Internet Access at the Grassroots is an effective Tool for Rapid Community Development and Global Development Process.
Personally, use of the internet has become the most critical tool I use on a day to day basis. However my community and the grassroots organizations I am working with do not have easy access to the internet.
My ancestral home, Amor village, has no internet access and if I had remained there I would continue to be oblivious to the influence and power of the internet. However through support from abroad I was able to complete my schooling and tertiary studies during which I was exposed to the internet.
The two main challenges in my community that limits participation online are literacy and availability.
Often women in my community have not completed primary education and are barely literate this often makes them unwilling to try new things where literacy skills would be required.
In the rural communities outside of urban centers there is little or no mobile network and fixed phone lines. This means that there is a lack of internet cafes, libraries, and public buildings with internet access in my community limiting easy access for training and familiarization. For one to access internet from Amor Village district where I come from, one has to travel to Tororo town; 18km each way.
Internet access is very expensive to a local low income earner with 3Gb data access costing approximately $US30, or 25% of the average Ugandan monthly income (and probably around 50% or the average Eastern Ugandan monthly income. In addition to this expense the poor signal that is often provided means that pages often take several minutes to load. Internet café’s (where available) charge by the time so slow access increases costs to users.
Availability of the internet is also reduced by the lack of electricity in the rural communities. Amor village is yet to be electrified and as far as I am aware no one in the community has a computer. Many women do have inexpensive mobile phones which they will walk many miles to charge for a fee (which can lead to a whole other set of safety and security issues).

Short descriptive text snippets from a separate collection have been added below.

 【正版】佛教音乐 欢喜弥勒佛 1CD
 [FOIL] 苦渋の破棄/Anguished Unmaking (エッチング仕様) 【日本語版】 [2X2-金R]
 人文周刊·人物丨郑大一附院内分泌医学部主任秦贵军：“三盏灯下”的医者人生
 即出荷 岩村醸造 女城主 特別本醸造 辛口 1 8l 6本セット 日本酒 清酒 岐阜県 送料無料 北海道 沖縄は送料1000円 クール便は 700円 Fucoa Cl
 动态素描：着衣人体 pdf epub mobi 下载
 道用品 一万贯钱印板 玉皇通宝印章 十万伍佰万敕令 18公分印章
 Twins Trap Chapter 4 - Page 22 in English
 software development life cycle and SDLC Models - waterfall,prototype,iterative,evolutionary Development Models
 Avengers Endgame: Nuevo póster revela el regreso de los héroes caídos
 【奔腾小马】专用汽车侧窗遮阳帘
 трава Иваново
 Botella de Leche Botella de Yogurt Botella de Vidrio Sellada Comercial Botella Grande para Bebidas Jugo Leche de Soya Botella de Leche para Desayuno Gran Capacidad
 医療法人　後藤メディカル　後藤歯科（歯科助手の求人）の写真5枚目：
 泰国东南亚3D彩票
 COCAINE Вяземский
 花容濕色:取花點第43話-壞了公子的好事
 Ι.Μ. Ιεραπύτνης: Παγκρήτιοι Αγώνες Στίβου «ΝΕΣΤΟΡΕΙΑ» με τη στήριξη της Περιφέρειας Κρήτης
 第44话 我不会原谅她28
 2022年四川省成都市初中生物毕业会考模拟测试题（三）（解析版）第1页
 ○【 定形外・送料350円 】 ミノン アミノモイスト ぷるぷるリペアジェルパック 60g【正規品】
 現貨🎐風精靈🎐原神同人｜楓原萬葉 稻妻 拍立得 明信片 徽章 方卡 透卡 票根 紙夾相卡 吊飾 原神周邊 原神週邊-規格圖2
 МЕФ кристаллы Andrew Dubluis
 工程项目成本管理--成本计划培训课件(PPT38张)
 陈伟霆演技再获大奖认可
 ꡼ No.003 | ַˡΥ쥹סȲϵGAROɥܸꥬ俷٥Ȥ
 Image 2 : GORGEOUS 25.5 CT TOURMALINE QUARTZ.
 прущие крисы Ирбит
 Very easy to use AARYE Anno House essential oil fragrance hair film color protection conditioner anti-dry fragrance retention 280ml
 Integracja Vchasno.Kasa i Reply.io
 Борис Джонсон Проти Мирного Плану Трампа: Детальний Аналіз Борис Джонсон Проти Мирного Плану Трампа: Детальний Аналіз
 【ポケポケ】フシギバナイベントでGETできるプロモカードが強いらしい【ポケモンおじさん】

Finally the other factor in rural communities that limits access is cultural. Men currently often misinterprets women’s use of mobile phones and often accuse women of having love affairs via the phone. This can lead to fights, family breakups and violence.
Amor village and the provincial capital both have no library or space where free/subsidized internet access is available. Currently the Amor community is building a library but at this point there is significant cost issues in the provision of computers and internet access due to the project reliance on donations and volunteers to complete the project.
I graduated with Bachelor’s degree in Information Technology and this has also driven me to use internet and technology in effecting change in my community in different ways. I am a World Pulse Voices of Our Future Fellow and a Pulsewire Vocal Contributor since 2010; I advise other women and men in Uganda and those from across the globe to use World Pulse website and media platform to effect change in their communities. Several of these women including my sisters and relatives and friends from across the globe have joined World Pulse website.
I am an advocate for girl child education and empowerment; my grassroots NGO – Pearl Community Empowerment Foundation through the Rural Girl Child Mentorship (RGCM) project, we match rural impoverished girls with sponsors and mentors from across the globe who support their vision and dreams. 69 out of the current 103 girls have been matched with individuals from the United States, Europe and Australia who exchange letters, videos and skype calls with them. We use the social media including World Pulse website and Facebook to connect with these mentors and sponsors on a daily basis; created a Facebook group page where we post the latest updates to them on a daily basis. 25 of these mentors, sponsors and volunteers have visited with the community since 2012.
We are currently constructing a community Library and a community hall in Amor village so as to provide access for the use of computers, internet, books and become a place for social gathering with electricity access. We are targeting 48 rural schools and institutions an estimate of 5000 learners and 4000 parent beneficiaries per year.
We have created women groups with different entrepreneurial and economic ventures especially in farming and agriculture, art and crafts, music, dance and drama all focusing on quality production for global market. To access global market, we are already using the internet to market our products. For example market paper beads/jewelries, mats and baskets, in Germany, United States and Australia, we have raised over USD2000 doing this; we use internet and e-commerce.
We are increasing literacy among the women and girls through providing sponsorship opportunities, literacy increases chances for search for information and knowledge and the use of internet. The current 103 girls under our sponsorship program are the next generation of the grassroots women who will effect change in Uganda and globally by use of internet and technology.
Pearl Community Empowerment Foundation supports a population of over 700000 people in Tororo and Buteleja districts of Uganda, we are very effective in mobilizing, sensitizing and educating the community; given technological support we shall effectively use it to effect change in this community.
I visit secure websites, change my passwords frequently, update my computer software regularly, I do not respond to untrusted emails.
The recommendations I am giving to technology companies and governments includes;
1. Produce affordable technology products and services which meets the needs of the low income communities.
2. Provide secure platforms while protecting the privacy of the users as well as build platforms that can track hackers and crackers.
3. Consider health related hazards while improving technology, where necessary should provide warnings.
4. The government should consider electrification and providing better telecommunication infrastructures for the rural communities.
5. The technology companies and the government should consider credit facilities to those who cannot easily afford the technology products and services.
6. Technological Trainings and Educational services should be given to the grassroots communities.